Captioned web images –
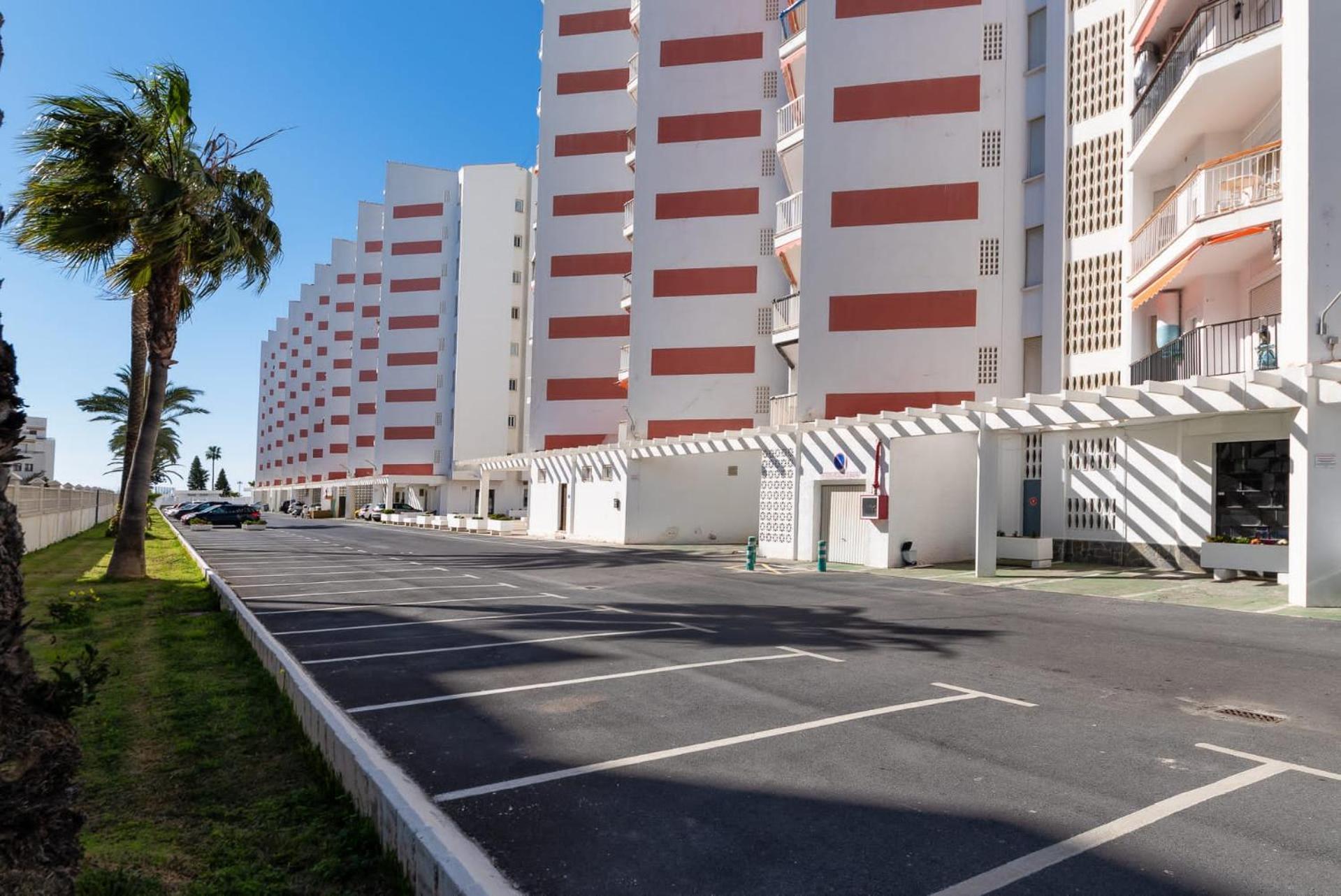 Apartment Estudio 8 *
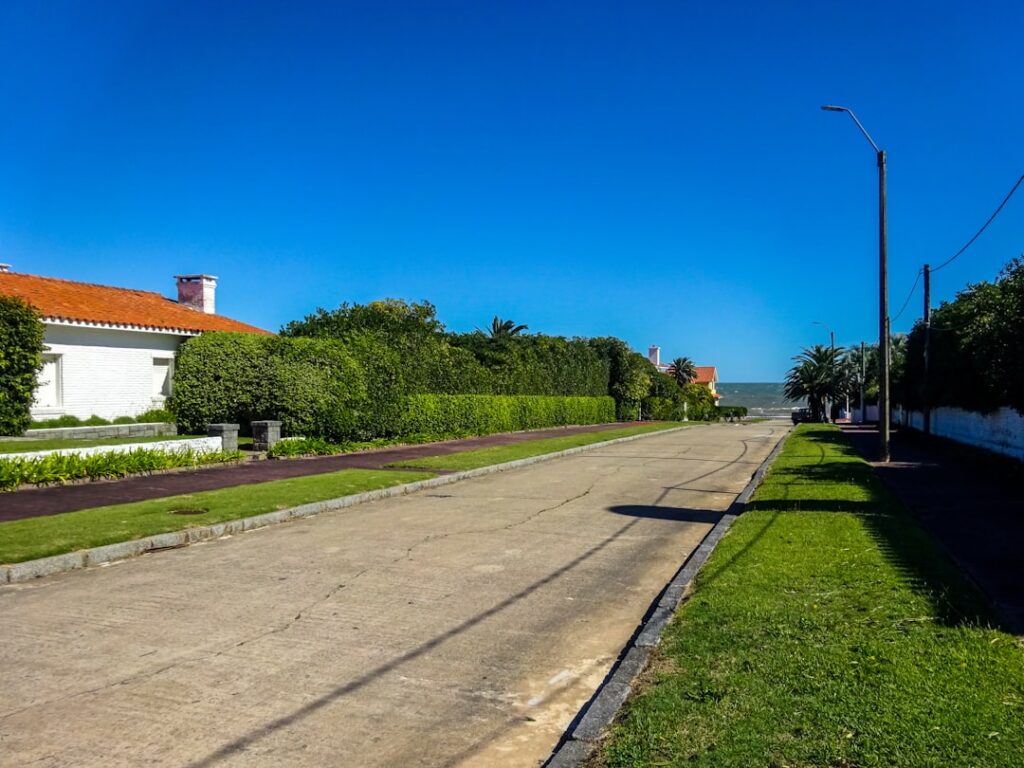 Île-aux-Moines — ścieżki rowerowe i nadmorskie żywopłoty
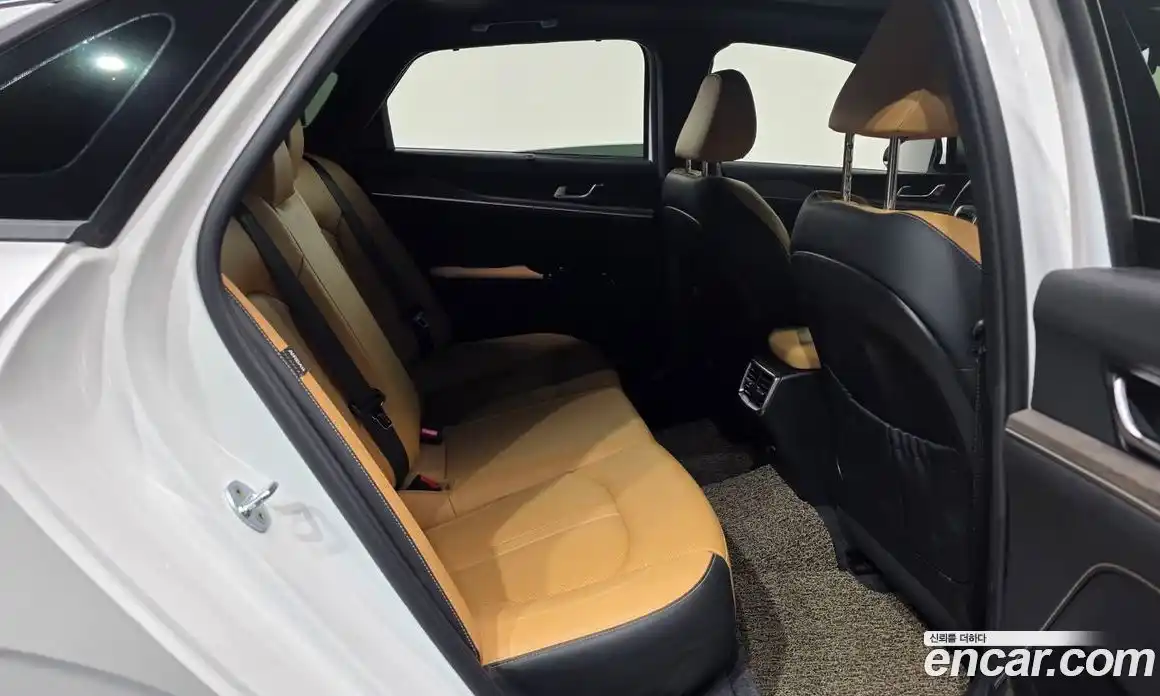 Kia K5 2023 2.0 Автомат в Москве № 132666, фото 17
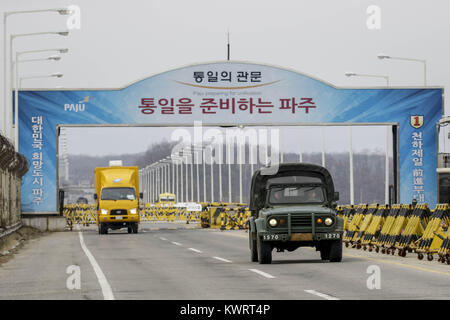 Paju, Seoul, Corée du Sud. 4 janvier, 2018. 4 janvier 2018, Paju-Korea-South sud-coréen de l'Unification des soldats de l'armée marche sur pont, qui mène à la zone démilitarisée, près de le village frontalier de Panmunjom, à Paju, La Corée du Sud. Le dirigeant nord-coréen Kim Jong Un a rouvert l'un des principaux canaux de communication transfrontalière avec la Corée du Sud pour la première fois en près de deux ans, mercredi, les rivaux ont exploré la possibilité de s'asseoir et parler après des mois d'acrimonie et les craintes de la guerre. Credit : Ryu Seung Il/ZUMA/Alamy Fil Live News Banque D'Images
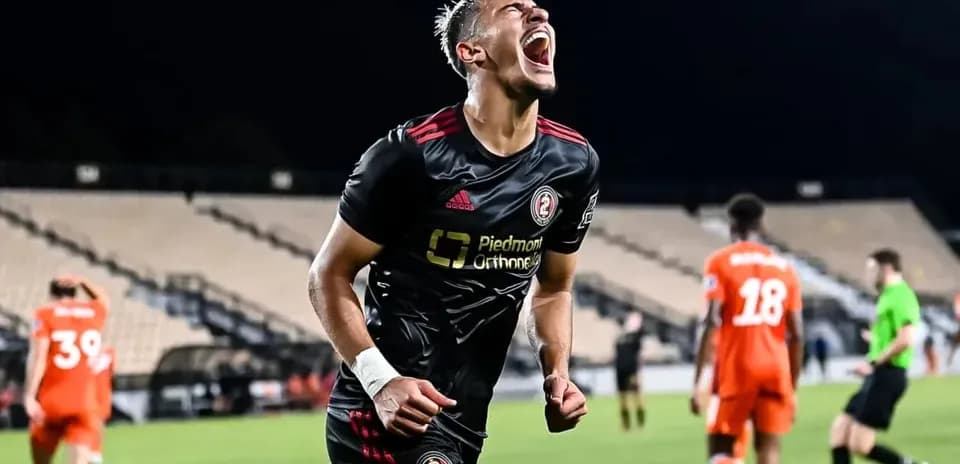 Jugador celebra un gol durante el partido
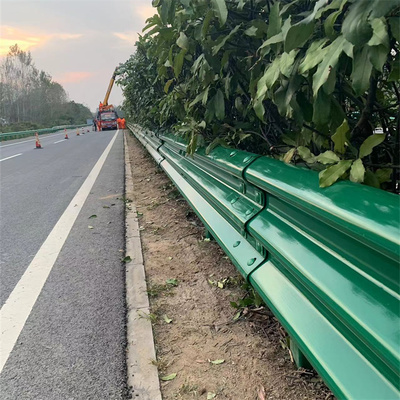 公路護(hù)欄板作用及其在現(xiàn)代公路安全系統(tǒng)中的應(yīng)用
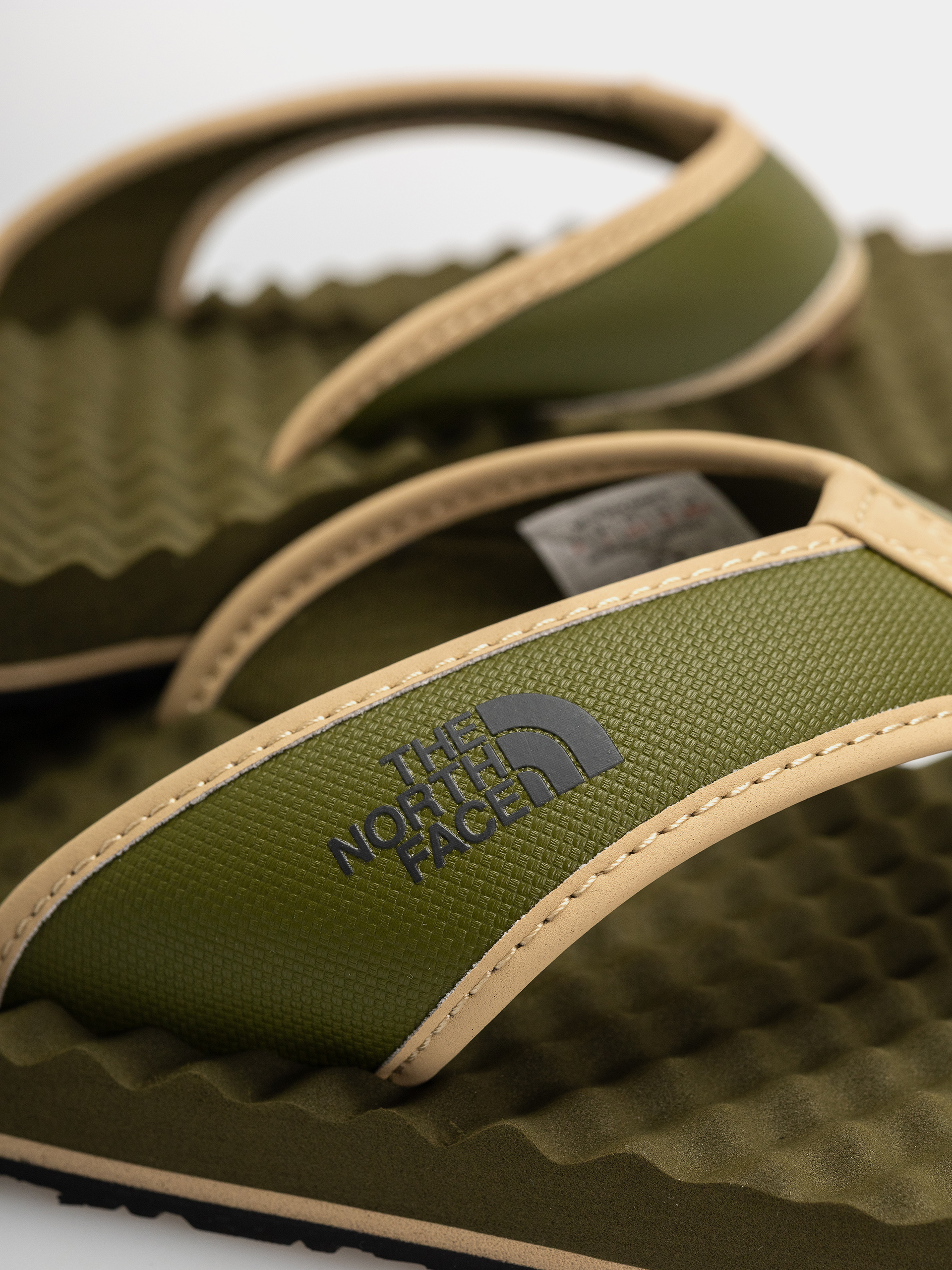 Чехли The North Face Base Camp Flip Flop II (forest olive/fo)
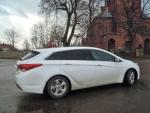 Auto mierzy 4770 mm długości. W środku nie brakuje miejsca dla pasażerów i bagaży  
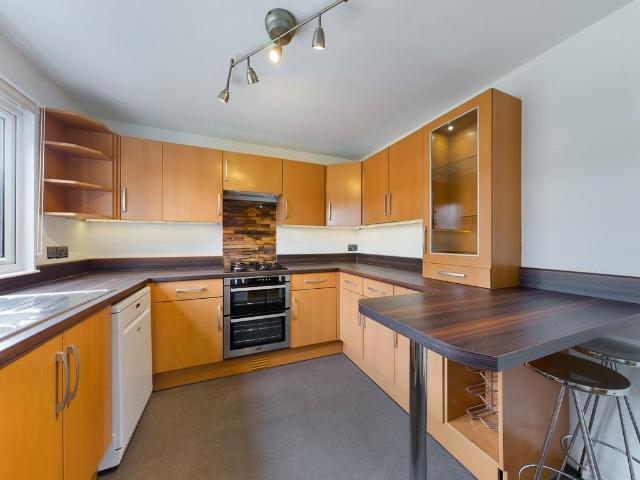 House for rent in Grovehill, Pouchen End
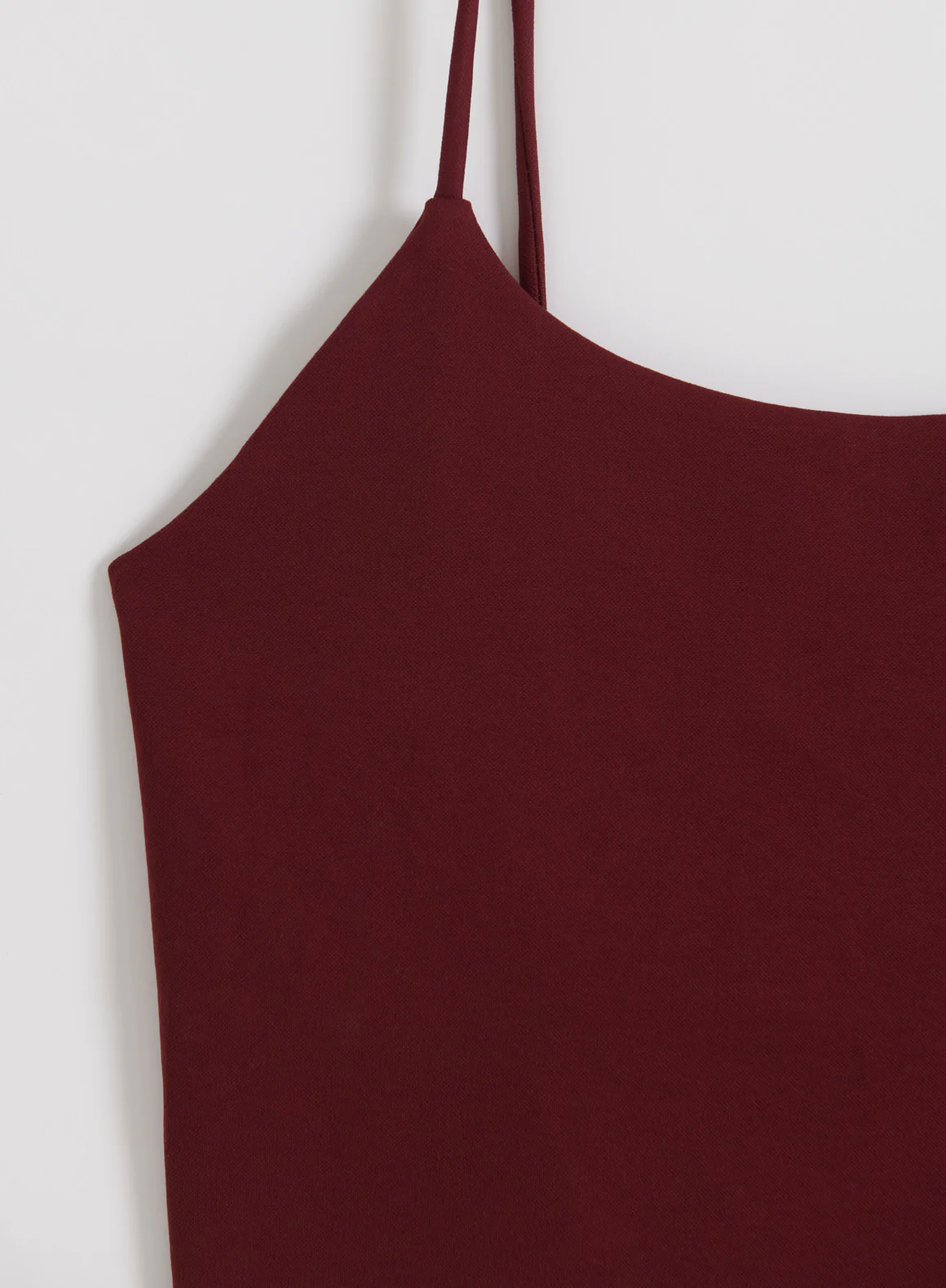 Merlot Shape Seamless Strap Singlet - Image 6
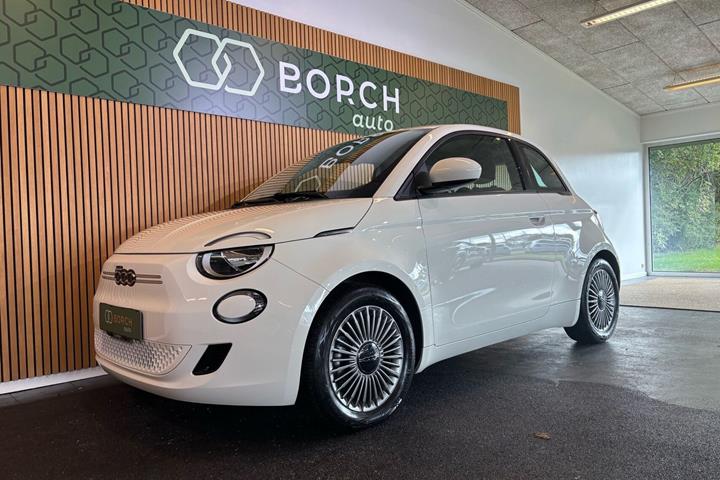 Hvid Fiat 500e fra 2023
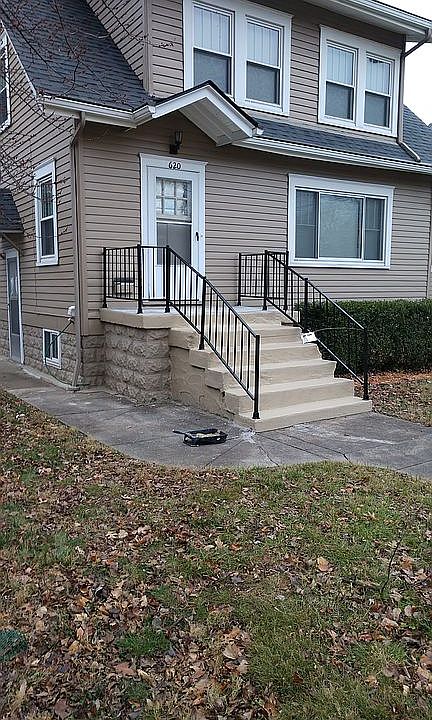 1st image of 620 W Ashland Ave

Work task –
Starting at the line that contains "Auto mierzy 4770", please write out each line through the last line of the data, both ends included, and keep pictures out of the copy.

Completed task –
 Auto mierzy 4770 mm długości. W środku nie brakuje miejsca dla pasażerów i bagaży  
 House for rent in Grovehill, Pouchen End
 Merlot Shape Seamless Strap Singlet - Image 6
 Hvid Fiat 500e fra 2023
 1st image of 620 W Ashland Ave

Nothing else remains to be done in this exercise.